People's Daily Online Business Podcast by Li Zhenyu
The majority of media outlets claim that China's current economic model is running out of steam, and the nation should move away from the current investment-driven model to a new one that relies on domestic consumption.
In our previous episode, I asked J.P. Morgan managing director Jing Ulrich about whether consumption could really become a key driver of China's long-term economic growth. Ulrich's answer is yes.
However, Doug Guthrie, professor of International Business at The George Washington University and a Western expert in China's economic reform, believes that in order to make the successful transition to a consumption-led economy, China has some challenges to overcome.
Q: As you know, China is transforming from a development model that relies heavily on export to a new one that encourages domestic consumption, a trend some believe would create new opportunities for foreign businesses.
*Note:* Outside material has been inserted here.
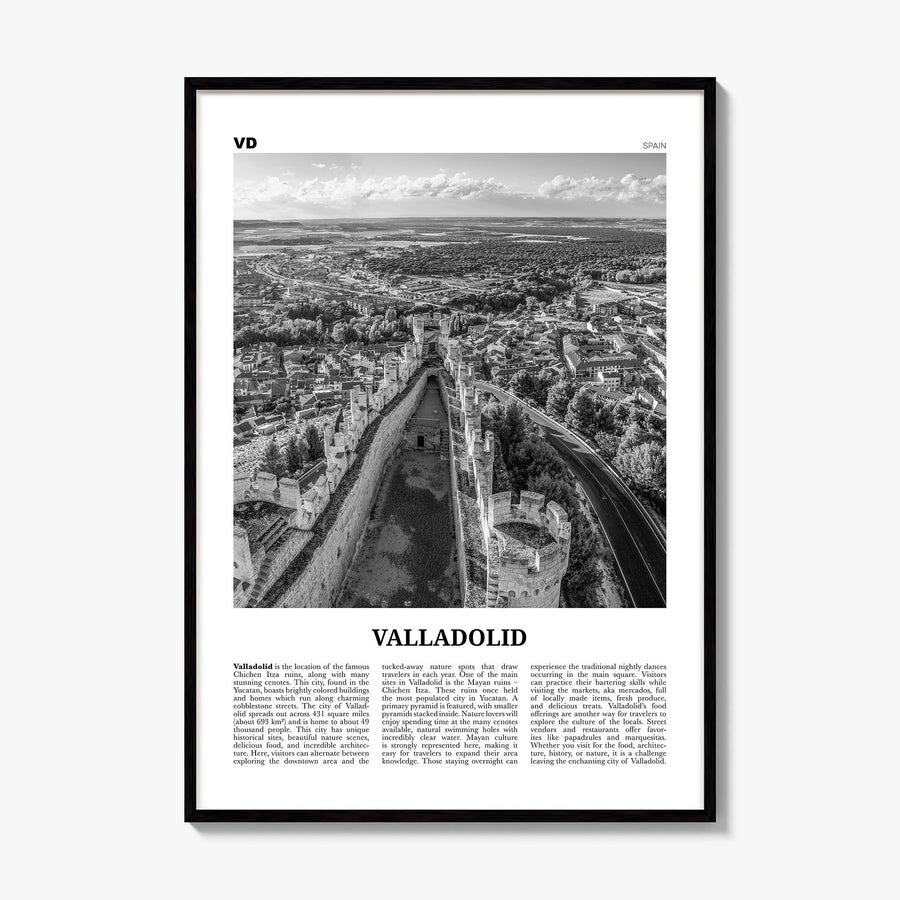Valladolid, Spain Newspaper Poster, framed poster mockup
So, what's your vision on China's future as an emerging market and a consumer market?
A: So, the first thing is, as you point out, it's very clear that China knows and the rest of the world knows that China must make the transition from its current economic status to being a consumer-based economy.
Now, one of the big problems for China is that, in order to make the shift from an economy based on state-led infrastructure investment to consumption-based development, China needs to see a swing in the pendulum away from the drivers being investment to consumption.
If you read the work of the economist Dwight Perkins, Perkins thinks that this is still about five to six years away because China's per capita GDP is still around $6000 to $7000, and it's until a country gets to about $13,000, you can still make a lot of money for the economy by being a state-led, investment-driven economy. The problem is when labor cost becomes high, you have to really develop a consumption-based economy.
Chinese people are culturally very good savers. So, it's actually interesting because if you are an economist that is just trying to construct an economy, you want a smart economy, you want people who think in healthy ways about saving and investment. And so, Chinese people actually have maybe No.2 or No.3 savings rate in the world, which is great, but the problem is that people hold on to their money.
So, for an economist or politicians who want to drive a consumption-based economy, you need to see people starting to invest, or not invest just start to spend money.
Now, the truth is that, Chinese people save money for a very good reason. They save it primarily for healthcare and education; healthcare we have to see a big development in that industry; and education we need to see that development too, and we need to see Chinese people spend their money in China and not in places like the United States, Canada and Britain.
So, I think there're a lot of things that need to happen for the development of this consumer-based economy. But, I think that China's position is still pretty healthy in this market.